RECORDS TO USE:
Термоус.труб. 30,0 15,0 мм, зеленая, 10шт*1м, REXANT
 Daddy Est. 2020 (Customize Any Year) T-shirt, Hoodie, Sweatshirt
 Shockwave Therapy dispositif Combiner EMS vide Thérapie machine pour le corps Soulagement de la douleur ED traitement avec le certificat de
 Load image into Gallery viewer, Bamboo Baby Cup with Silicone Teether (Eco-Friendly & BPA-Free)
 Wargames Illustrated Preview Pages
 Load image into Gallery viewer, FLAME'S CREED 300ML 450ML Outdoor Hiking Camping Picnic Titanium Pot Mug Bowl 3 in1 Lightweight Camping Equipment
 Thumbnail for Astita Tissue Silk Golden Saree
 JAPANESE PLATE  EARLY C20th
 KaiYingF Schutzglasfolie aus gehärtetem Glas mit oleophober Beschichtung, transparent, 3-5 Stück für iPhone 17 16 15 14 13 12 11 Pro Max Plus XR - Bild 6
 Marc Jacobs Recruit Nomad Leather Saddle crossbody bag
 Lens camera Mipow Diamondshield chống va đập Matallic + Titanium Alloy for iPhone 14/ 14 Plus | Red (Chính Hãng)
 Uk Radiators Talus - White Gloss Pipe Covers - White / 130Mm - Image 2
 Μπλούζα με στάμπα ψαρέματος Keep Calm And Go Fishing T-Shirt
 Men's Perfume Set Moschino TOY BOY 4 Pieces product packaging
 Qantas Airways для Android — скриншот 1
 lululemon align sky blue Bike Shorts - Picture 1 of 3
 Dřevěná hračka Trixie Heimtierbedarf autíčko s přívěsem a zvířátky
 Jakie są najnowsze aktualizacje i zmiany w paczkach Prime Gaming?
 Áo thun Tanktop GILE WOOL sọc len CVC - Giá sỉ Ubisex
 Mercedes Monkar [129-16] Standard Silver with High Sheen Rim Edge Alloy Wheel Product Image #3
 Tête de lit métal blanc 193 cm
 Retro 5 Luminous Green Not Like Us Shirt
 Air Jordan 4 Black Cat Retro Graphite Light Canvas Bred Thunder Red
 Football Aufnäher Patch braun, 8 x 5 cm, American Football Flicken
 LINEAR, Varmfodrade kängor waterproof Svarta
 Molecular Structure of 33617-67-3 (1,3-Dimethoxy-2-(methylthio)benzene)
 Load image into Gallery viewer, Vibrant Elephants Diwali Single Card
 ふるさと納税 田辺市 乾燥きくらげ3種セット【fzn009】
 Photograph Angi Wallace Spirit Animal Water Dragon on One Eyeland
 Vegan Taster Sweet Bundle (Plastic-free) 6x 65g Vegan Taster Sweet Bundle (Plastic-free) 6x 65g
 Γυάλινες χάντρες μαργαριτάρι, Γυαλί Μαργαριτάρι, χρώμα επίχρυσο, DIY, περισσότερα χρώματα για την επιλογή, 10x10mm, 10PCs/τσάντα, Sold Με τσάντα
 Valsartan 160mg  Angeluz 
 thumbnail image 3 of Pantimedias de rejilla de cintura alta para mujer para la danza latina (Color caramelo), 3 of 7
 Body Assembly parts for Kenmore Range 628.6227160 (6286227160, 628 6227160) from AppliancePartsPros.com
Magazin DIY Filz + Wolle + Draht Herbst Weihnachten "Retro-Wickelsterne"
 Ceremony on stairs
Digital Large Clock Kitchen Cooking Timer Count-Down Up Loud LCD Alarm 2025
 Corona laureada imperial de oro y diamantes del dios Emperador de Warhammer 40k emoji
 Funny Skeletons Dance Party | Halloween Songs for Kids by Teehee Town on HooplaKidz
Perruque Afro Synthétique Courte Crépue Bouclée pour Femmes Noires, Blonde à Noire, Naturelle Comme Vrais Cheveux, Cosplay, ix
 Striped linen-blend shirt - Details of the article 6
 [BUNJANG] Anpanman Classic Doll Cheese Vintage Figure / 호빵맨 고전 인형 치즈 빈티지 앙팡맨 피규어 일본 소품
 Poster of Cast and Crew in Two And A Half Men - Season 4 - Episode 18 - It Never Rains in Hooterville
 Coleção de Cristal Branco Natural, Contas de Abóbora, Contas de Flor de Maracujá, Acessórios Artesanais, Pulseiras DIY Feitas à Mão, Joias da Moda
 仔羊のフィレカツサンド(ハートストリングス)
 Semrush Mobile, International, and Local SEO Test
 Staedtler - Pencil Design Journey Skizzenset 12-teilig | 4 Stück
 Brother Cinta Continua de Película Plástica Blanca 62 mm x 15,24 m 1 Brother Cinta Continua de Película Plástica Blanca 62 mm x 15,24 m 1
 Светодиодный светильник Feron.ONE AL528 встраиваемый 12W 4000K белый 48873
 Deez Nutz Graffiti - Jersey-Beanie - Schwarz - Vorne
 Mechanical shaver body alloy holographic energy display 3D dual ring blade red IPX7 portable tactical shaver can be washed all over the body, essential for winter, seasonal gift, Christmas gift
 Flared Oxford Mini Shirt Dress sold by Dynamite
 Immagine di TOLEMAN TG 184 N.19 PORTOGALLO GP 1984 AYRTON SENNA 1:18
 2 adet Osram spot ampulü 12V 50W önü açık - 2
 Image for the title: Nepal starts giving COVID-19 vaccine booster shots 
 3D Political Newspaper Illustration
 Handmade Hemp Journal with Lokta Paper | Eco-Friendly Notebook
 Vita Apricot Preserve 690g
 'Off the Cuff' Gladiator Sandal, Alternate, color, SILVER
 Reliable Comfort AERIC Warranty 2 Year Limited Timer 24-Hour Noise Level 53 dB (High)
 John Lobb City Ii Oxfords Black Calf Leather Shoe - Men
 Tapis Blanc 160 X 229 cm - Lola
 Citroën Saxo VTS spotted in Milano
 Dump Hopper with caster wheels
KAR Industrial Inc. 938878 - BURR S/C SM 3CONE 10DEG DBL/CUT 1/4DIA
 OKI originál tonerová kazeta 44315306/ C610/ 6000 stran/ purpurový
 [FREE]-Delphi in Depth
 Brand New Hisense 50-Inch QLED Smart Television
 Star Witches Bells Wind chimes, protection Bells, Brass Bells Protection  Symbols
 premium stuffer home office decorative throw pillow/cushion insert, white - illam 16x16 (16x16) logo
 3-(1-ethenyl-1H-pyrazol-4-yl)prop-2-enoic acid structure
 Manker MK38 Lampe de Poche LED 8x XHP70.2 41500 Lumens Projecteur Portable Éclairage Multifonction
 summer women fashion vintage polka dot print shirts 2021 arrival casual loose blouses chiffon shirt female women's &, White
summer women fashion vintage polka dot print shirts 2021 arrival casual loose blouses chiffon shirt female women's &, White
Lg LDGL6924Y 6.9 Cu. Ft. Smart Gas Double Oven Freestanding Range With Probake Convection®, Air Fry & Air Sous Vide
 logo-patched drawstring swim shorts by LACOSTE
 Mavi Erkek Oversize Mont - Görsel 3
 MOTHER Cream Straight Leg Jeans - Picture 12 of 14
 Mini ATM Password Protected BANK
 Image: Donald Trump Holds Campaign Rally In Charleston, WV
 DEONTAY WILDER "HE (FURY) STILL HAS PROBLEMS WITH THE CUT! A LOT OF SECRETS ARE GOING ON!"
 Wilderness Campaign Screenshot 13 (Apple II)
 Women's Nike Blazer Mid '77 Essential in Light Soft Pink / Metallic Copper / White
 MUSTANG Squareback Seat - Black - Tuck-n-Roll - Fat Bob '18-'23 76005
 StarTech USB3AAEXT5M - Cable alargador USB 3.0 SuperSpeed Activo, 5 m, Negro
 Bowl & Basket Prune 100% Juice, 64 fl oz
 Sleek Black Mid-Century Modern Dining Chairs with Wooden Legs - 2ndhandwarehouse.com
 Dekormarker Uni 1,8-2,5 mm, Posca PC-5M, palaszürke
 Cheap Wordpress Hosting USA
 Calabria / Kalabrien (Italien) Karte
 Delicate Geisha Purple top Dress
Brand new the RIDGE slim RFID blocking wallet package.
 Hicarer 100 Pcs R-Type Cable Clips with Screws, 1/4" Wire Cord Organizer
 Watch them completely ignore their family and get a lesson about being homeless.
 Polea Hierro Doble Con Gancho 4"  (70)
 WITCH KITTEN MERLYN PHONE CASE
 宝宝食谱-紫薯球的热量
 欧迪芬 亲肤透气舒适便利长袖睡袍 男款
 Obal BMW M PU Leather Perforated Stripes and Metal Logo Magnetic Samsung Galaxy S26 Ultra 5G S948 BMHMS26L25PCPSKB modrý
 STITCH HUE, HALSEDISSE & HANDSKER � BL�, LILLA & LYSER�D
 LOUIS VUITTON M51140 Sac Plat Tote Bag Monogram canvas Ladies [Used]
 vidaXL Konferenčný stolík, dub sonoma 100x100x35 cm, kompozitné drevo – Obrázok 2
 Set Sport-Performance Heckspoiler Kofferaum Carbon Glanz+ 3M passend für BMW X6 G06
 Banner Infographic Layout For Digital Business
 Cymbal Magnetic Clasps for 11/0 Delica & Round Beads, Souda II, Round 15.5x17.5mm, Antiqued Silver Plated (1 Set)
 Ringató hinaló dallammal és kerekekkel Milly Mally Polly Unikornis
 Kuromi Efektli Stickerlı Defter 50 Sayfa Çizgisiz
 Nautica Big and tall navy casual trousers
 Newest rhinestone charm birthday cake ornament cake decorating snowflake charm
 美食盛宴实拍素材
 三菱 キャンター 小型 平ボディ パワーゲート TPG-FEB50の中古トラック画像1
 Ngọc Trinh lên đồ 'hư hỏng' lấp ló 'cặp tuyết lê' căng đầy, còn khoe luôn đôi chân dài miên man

WORK TO BE COMPLETED:
The answer must be every line of the data that holds the word "Plus".

ANSWER:
 KaiYingF Schutzglasfolie aus gehärtetem Glas mit oleophober Beschichtung, transparent, 3-5 Stück für iPhone 17 16 15 14 13 12 11 Pro Max Plus XR - Bild 6
 Lens camera Mipow Diamondshield chống va đập Matallic + Titanium Alloy for iPhone 14/ 14 Plus | Red (Chính Hãng)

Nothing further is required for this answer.